Scraped caption text data:
□ □ □ □ □ □ □

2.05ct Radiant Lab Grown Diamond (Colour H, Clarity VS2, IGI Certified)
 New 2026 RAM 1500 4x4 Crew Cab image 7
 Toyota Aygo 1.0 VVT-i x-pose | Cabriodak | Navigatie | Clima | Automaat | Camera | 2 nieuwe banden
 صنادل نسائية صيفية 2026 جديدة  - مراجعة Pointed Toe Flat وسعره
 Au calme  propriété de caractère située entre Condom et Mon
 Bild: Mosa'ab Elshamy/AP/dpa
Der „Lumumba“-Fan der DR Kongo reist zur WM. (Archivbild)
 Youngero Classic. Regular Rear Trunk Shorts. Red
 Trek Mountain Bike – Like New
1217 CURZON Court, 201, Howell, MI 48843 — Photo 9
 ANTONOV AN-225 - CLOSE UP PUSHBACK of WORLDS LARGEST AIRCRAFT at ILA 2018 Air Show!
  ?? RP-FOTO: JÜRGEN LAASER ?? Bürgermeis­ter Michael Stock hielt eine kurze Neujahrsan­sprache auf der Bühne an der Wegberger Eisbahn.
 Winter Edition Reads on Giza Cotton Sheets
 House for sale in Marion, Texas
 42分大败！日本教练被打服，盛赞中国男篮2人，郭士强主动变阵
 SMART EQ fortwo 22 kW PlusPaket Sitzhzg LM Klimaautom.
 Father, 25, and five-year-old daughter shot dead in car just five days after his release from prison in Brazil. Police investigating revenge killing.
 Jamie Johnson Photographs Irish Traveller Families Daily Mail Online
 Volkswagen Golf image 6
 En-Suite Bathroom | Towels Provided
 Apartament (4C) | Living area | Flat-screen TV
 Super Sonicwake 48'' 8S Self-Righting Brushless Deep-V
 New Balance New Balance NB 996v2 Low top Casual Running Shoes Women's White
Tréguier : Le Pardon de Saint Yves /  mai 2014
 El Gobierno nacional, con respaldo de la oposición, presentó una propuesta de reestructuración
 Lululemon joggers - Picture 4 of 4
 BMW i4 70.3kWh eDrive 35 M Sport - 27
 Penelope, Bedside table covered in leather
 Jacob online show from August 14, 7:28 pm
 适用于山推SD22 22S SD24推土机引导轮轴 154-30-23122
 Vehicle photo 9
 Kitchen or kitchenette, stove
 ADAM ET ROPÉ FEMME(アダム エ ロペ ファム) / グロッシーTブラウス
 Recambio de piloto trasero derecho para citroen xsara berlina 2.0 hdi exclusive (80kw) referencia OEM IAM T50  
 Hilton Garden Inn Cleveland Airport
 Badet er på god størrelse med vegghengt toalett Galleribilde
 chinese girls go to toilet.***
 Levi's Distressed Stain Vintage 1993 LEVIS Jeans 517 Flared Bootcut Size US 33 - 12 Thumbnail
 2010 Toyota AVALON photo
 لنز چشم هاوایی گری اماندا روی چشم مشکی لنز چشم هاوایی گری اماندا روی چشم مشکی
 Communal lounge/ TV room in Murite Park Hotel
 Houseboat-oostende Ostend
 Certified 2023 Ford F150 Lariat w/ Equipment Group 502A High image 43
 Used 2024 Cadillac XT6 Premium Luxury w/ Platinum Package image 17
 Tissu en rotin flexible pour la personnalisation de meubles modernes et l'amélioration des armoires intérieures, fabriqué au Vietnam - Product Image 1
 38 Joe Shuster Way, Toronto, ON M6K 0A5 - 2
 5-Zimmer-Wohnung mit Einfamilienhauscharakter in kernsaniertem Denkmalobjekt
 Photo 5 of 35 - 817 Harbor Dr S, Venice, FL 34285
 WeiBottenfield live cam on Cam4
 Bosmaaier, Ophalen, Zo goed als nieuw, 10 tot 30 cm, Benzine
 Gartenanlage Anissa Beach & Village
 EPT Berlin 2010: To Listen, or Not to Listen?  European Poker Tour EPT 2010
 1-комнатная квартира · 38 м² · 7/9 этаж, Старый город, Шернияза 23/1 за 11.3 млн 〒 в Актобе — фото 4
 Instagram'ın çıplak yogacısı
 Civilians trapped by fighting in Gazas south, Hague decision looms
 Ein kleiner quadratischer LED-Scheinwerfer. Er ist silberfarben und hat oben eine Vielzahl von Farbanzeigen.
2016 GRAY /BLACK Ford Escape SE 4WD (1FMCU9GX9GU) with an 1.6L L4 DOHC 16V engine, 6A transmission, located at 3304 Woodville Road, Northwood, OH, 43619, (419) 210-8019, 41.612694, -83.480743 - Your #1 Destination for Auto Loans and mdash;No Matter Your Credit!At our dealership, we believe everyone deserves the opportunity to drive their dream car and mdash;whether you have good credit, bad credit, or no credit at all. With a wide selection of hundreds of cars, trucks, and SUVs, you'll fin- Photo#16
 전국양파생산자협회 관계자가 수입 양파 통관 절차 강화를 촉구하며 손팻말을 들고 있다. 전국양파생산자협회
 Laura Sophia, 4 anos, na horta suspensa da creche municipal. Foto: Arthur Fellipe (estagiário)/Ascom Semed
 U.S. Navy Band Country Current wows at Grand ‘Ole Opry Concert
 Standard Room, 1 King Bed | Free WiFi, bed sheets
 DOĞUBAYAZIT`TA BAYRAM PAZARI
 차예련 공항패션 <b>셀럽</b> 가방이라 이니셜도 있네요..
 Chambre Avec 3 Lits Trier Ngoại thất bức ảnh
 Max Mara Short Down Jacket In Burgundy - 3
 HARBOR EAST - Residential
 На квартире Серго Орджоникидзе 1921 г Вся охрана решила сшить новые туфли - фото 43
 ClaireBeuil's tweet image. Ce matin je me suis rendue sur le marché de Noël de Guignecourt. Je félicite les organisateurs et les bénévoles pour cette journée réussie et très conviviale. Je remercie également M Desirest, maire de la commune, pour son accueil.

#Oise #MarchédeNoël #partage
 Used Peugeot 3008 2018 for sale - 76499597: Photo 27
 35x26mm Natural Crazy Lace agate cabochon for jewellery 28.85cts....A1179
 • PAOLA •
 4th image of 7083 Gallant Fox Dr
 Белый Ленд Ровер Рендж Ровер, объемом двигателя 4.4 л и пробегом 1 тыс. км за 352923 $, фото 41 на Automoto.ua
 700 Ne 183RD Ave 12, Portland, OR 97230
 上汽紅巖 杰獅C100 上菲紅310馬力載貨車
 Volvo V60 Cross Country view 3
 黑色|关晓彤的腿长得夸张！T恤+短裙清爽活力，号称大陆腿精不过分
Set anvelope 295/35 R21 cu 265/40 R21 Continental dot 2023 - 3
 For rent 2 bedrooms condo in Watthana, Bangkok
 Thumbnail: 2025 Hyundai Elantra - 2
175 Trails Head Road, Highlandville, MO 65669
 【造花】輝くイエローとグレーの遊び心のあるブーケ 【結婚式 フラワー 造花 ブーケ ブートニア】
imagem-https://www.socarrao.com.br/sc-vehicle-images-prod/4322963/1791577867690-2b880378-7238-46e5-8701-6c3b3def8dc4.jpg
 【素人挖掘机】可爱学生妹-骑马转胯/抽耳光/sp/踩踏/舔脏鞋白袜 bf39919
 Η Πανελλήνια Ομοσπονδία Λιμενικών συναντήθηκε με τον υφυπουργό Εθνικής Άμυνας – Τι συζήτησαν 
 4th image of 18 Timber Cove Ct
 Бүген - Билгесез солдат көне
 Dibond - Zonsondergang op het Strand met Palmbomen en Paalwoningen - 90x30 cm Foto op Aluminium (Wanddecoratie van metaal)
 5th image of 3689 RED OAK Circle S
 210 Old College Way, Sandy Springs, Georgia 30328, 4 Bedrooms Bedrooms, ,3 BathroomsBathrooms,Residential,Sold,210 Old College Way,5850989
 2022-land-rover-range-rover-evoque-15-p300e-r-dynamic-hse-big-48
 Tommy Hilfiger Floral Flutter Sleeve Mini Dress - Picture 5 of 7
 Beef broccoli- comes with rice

□ □ □ □ □ □ □

Brief:
Set down each record verbatim.

Exercise result:
2.05ct Radiant Lab Grown Diamond (Colour H, Clarity VS2, IGI Certified)
 New 2026 RAM 1500 4x4 Crew Cab image 7
 Toyota Aygo 1.0 VVT-i x-pose | Cabriodak | Navigatie | Clima | Automaat | Camera | 2 nieuwe banden
 صنادل نسائية صيفية 2026 جديدة  - مراجعة Pointed Toe Flat وسعره
 Au calme  propriété de caractère située entre Condom et Mon
 Bild: Mosa'ab Elshamy/AP/dpa
Der „Lumumba“-Fan der DR Kongo reist zur WM. (Archivbild)
 Youngero Classic. Regular Rear Trunk Shorts. Red
 Trek Mountain Bike – Like New
1217 CURZON Court, 201, Howell, MI 48843 — Photo 9
 ANTONOV AN-225 - CLOSE UP PUSHBACK of WORLDS LARGEST AIRCRAFT at ILA 2018 Air Show!
  ?? RP-FOTO: JÜRGEN LAASER ?? Bürgermeis­ter Michael Stock hielt eine kurze Neujahrsan­sprache auf der Bühne an der Wegberger Eisbahn.
 Winter Edition Reads on Giza Cotton Sheets
 House for sale in Marion, Texas
 42分大败！日本教练被打服，盛赞中国男篮2人，郭士强主动变阵
 SMART EQ fortwo 22 kW PlusPaket Sitzhzg LM Klimaautom.
 Father, 25, and five-year-old daughter shot dead in car just five days after his release from prison in Brazil. Police investigating revenge killing.
 Jamie Johnson Photographs Irish Traveller Families Daily Mail Online
 Volkswagen Golf image 6
 En-Suite Bathroom | Towels Provided
 Apartament (4C) | Living area | Flat-screen TV
 Super Sonicwake 48'' 8S Self-Righting Brushless Deep-V
 New Balance New Balance NB 996v2 Low top Casual Running Shoes Women's White
Tréguier : Le Pardon de Saint Yves /  mai 2014
 El Gobierno nacional, con respaldo de la oposición, presentó una propuesta de reestructuración
 Lululemon joggers - Picture 4 of 4
 BMW i4 70.3kWh eDrive 35 M Sport - 27
 Penelope, Bedside table covered in leather
 Jacob online show from August 14, 7:28 pm
 适用于山推SD22 22S SD24推土机引导轮轴 154-30-23122
 Vehicle photo 9
 Kitchen or kitchenette, stove
 ADAM ET ROPÉ FEMME(アダム エ ロペ ファム) / グロッシーTブラウス
 Recambio de piloto trasero derecho para citroen xsara berlina 2.0 hdi exclusive (80kw) referencia OEM IAM T50  
 Hilton Garden Inn Cleveland Airport
 Badet er på god størrelse med vegghengt toalett Galleribilde
 chinese girls go to toilet.***
 Levi's Distressed Stain Vintage 1993 LEVIS Jeans 517 Flared Bootcut Size US 33 - 12 Thumbnail
 2010 Toyota AVALON photo
 لنز چشم هاوایی گری اماندا روی چشم مشکی لنز چشم هاوایی گری اماندا روی چشم مشکی
 Communal lounge/ TV room in Murite Park Hotel
 Houseboat-oostende Ostend
 Certified 2023 Ford F150 Lariat w/ Equipment Group 502A High image 43
 Used 2024 Cadillac XT6 Premium Luxury w/ Platinum Package image 17
 Tissu en rotin flexible pour la personnalisation de meubles modernes et l'amélioration des armoires intérieures, fabriqué au Vietnam - Product Image 1
 38 Joe Shuster Way, Toronto, ON M6K 0A5 - 2
 5-Zimmer-Wohnung mit Einfamilienhauscharakter in kernsaniertem Denkmalobjekt
 Photo 5 of 35 - 817 Harbor Dr S, Venice, FL 34285
 WeiBottenfield live cam on Cam4
 Bosmaaier, Ophalen, Zo goed als nieuw, 10 tot 30 cm, Benzine
 Gartenanlage Anissa Beach & Village
 EPT Berlin 2010: To Listen, or Not to Listen?  European Poker Tour EPT 2010
 1-комнатная квартира · 38 м² · 7/9 этаж, Старый город, Шернияза 23/1 за 11.3 млн 〒 в Актобе — фото 4
 Instagram'ın çıplak yogacısı
 Civilians trapped by fighting in Gazas south, Hague decision looms
 Ein kleiner quadratischer LED-Scheinwerfer. Er ist silberfarben und hat oben eine Vielzahl von Farbanzeigen.
2016 GRAY /BLACK Ford Escape SE 4WD (1FMCU9GX9GU) with an 1.6L L4 DOHC 16V engine, 6A transmission, located at 3304 Woodville Road, Northwood, OH, 43619, (419) 210-8019, 41.612694, -83.480743 - Your #1 Destination for Auto Loans and mdash;No Matter Your Credit!At our dealership, we believe everyone deserves the opportunity to drive their dream car and mdash;whether you have good credit, bad credit, or no credit at all. With a wide selection of hundreds of cars, trucks, and SUVs, you'll fin- Photo#16
 전국양파생산자협회 관계자가 수입 양파 통관 절차 강화를 촉구하며 손팻말을 들고 있다. 전국양파생산자협회
 Laura Sophia, 4 anos, na horta suspensa da creche municipal. Foto: Arthur Fellipe (estagiário)/Ascom Semed
 U.S. Navy Band Country Current wows at Grand ‘Ole Opry Concert
 Standard Room, 1 King Bed | Free WiFi, bed sheets
 DOĞUBAYAZIT`TA BAYRAM PAZARI
 차예련 공항패션 <b>셀럽</b> 가방이라 이니셜도 있네요..
 Chambre Avec 3 Lits Trier Ngoại thất bức ảnh
 Max Mara Short Down Jacket In Burgundy - 3
 HARBOR EAST - Residential
 На квартире Серго Орджоникидзе 1921 г Вся охрана решила сшить новые туфли - фото 43
 ClaireBeuil's tweet image. Ce matin je me suis rendue sur le marché de Noël de Guignecourt. Je félicite les organisateurs et les bénévoles pour cette journée réussie et très conviviale. Je remercie également M Desirest, maire de la commune, pour son accueil.

#Oise #MarchédeNoël #partage
 Used Peugeot 3008 2018 for sale - 76499597: Photo 27
 35x26mm Natural Crazy Lace agate cabochon for jewellery 28.85cts....A1179
 • PAOLA •
 4th image of 7083 Gallant Fox Dr
 Белый Ленд Ровер Рендж Ровер, объемом двигателя 4.4 л и пробегом 1 тыс. км за 352923 $, фото 41 на Automoto.ua
 700 Ne 183RD Ave 12, Portland, OR 97230
 上汽紅巖 杰獅C100 上菲紅310馬力載貨車
 Volvo V60 Cross Country view 3
 黑色|关晓彤的腿长得夸张！T恤+短裙清爽活力，号称大陆腿精不过分
Set anvelope 295/35 R21 cu 265/40 R21 Continental dot 2023 - 3
 For rent 2 bedrooms condo in Watthana, Bangkok
 Thumbnail: 2025 Hyundai Elantra - 2
175 Trails Head Road, Highlandville, MO 65669
 【造花】輝くイエローとグレーの遊び心のあるブーケ 【結婚式 フラワー 造花 ブーケ ブートニア】
imagem-https://www.socarrao.com.br/sc-vehicle-images-prod/4322963/1791577867690-2b880378-7238-46e5-8701-6c3b3def8dc4.jpg
 【素人挖掘机】可爱学生妹-骑马转胯/抽耳光/sp/踩踏/舔脏鞋白袜 bf39919
 Η Πανελλήνια Ομοσπονδία Λιμενικών συναντήθηκε με τον υφυπουργό Εθνικής Άμυνας – Τι συζήτησαν 
 4th image of 18 Timber Cove Ct
 Бүген - Билгесез солдат көне
 Dibond - Zonsondergang op het Strand met Palmbomen en Paalwoningen - 90x30 cm Foto op Aluminium (Wanddecoratie van metaal)
 5th image of 3689 RED OAK Circle S
 210 Old College Way, Sandy Springs, Georgia 30328, 4 Bedrooms Bedrooms, ,3 BathroomsBathrooms,Residential,Sold,210 Old College Way,5850989
 2022-land-rover-range-rover-evoque-15-p300e-r-dynamic-hse-big-48
 Tommy Hilfiger Floral Flutter Sleeve Mini Dress - Picture 5 of 7
 Beef broccoli- comes with rice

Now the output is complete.